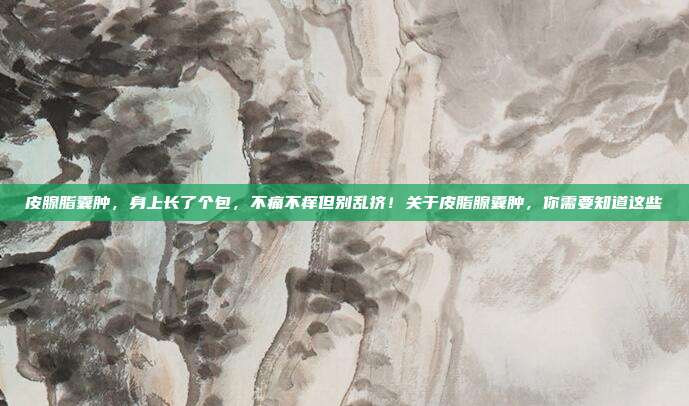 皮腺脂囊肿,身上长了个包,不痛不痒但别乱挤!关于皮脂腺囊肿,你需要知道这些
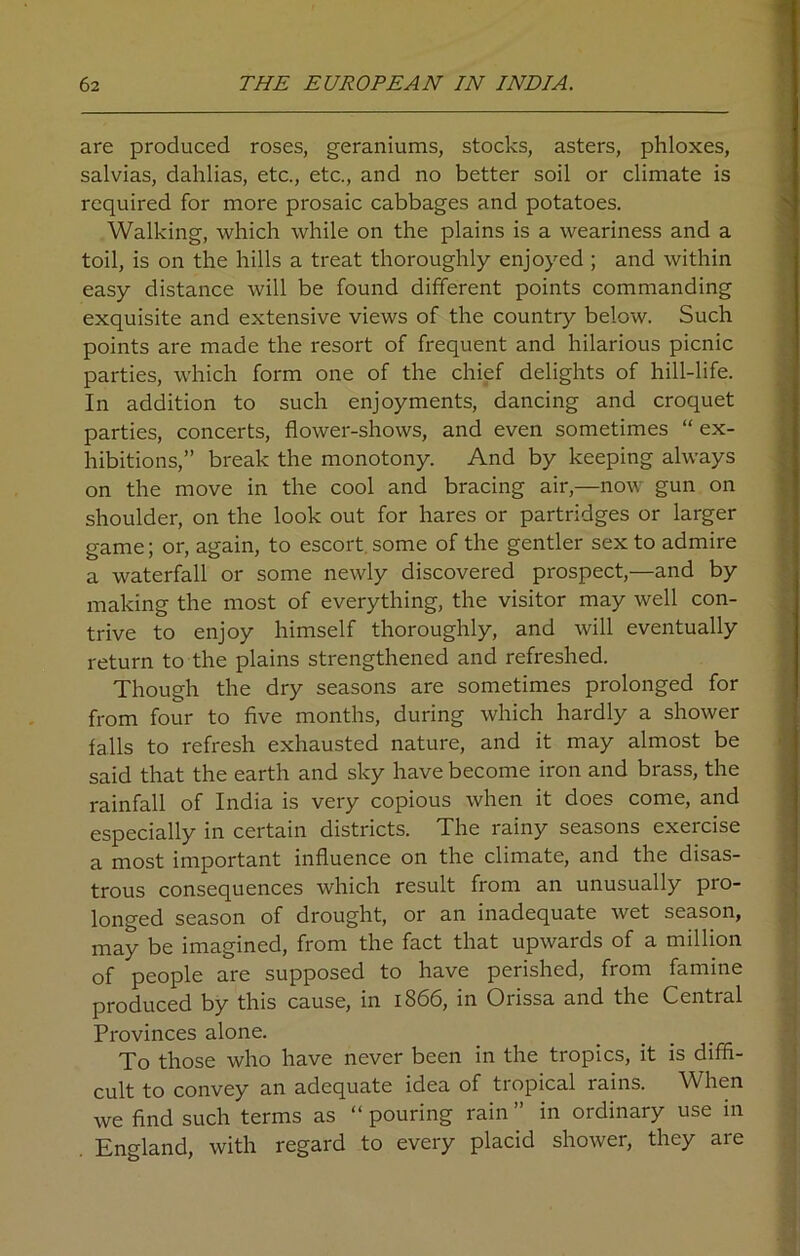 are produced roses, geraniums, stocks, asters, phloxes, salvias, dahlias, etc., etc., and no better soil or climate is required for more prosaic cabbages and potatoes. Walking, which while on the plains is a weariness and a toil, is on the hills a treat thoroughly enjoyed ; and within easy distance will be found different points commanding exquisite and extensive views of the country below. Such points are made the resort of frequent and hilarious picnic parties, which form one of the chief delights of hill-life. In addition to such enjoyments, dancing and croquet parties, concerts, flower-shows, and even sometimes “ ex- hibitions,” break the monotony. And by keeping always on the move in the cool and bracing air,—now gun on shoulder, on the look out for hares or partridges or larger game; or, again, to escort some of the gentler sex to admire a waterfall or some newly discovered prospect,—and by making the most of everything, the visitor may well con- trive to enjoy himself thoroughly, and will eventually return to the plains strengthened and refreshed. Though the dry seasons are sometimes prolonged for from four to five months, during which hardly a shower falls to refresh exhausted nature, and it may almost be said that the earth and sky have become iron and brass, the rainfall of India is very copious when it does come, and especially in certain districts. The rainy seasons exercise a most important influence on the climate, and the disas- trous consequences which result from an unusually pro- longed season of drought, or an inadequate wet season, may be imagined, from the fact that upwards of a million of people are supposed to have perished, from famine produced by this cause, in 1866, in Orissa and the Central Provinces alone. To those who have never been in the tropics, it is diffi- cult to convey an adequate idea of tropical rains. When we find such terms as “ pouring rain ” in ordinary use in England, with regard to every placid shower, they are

...

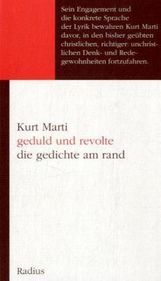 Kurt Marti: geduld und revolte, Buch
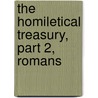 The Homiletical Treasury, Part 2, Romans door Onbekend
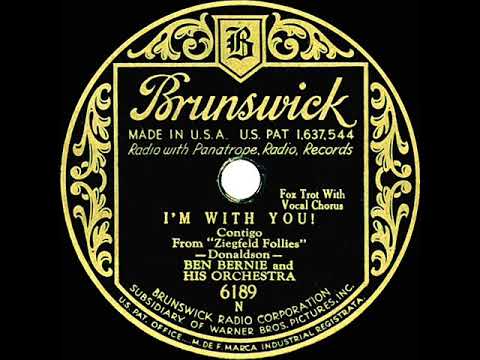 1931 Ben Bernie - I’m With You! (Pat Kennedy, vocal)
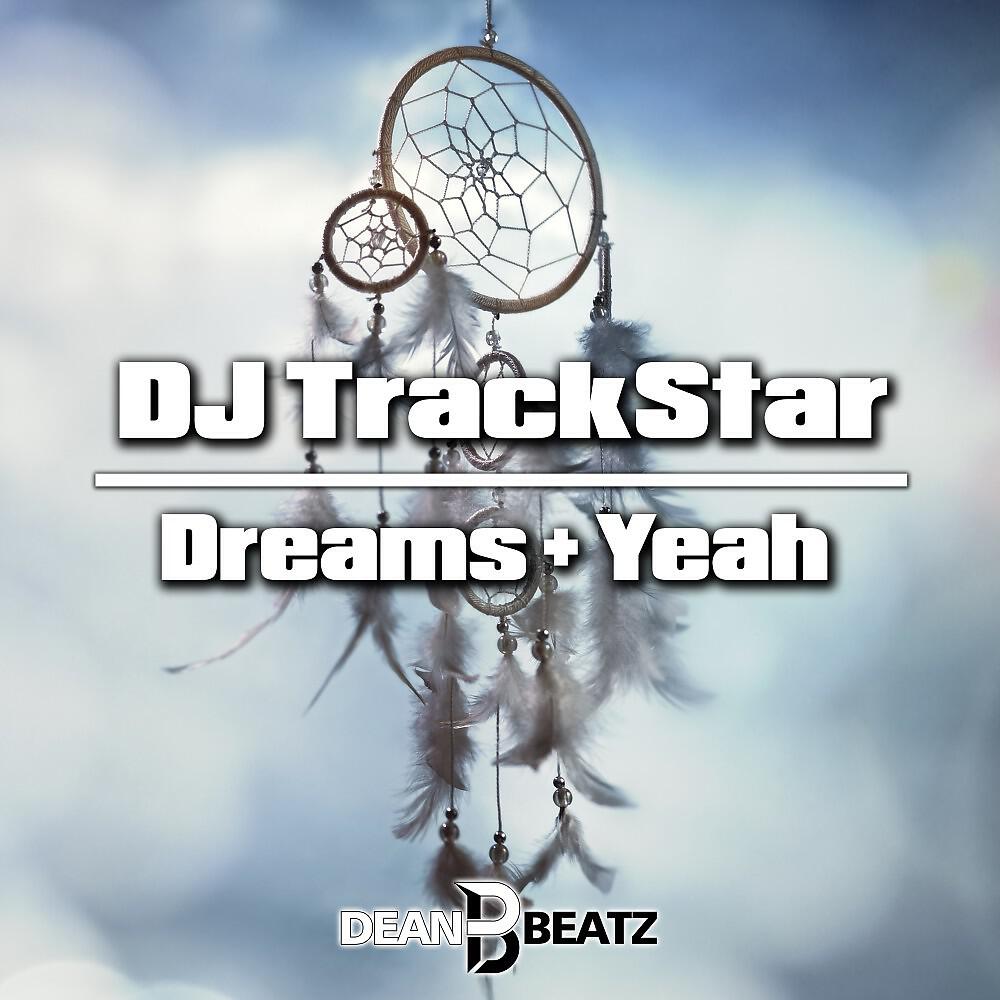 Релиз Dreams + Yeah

==

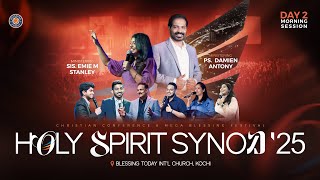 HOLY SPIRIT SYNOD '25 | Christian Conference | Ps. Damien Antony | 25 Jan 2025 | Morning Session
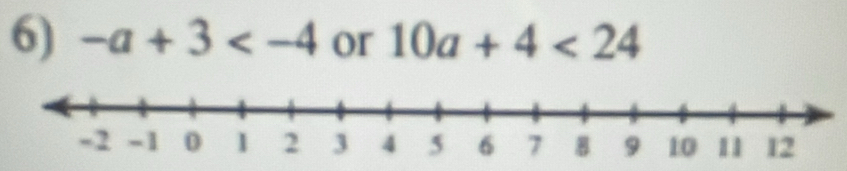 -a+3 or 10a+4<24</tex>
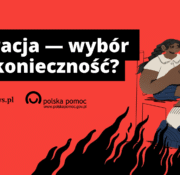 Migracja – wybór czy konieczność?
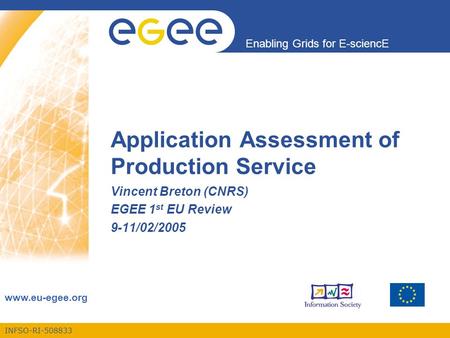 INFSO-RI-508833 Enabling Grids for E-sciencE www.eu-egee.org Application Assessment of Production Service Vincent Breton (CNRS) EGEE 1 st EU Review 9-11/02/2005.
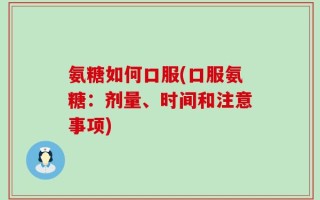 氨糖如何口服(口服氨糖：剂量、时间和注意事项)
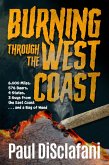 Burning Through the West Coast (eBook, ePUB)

● WHAT IS NEEDED
Only one part of the material above is wanted: the lines from the one with "-a+3 or 10a+4<24</tex>" up to and including the one with "氨糖如何口服(口服氨糖：剂量、时间和注意事项)". Please copy them exactly, pictures left out.

● EXERCISE RESULT
 -a+3 or 10a+4<24</tex>
 Migracja – wybór czy konieczność?
 INFSO-RI-508833 Enabling Grids for E-sciencE www.eu-egee.org Application Assessment of Production Service Vincent Breton (CNRS) EGEE 1 st EU Review 9-11/02/2005.
 氨糖如何口服(口服氨糖：剂量、时间和注意事项)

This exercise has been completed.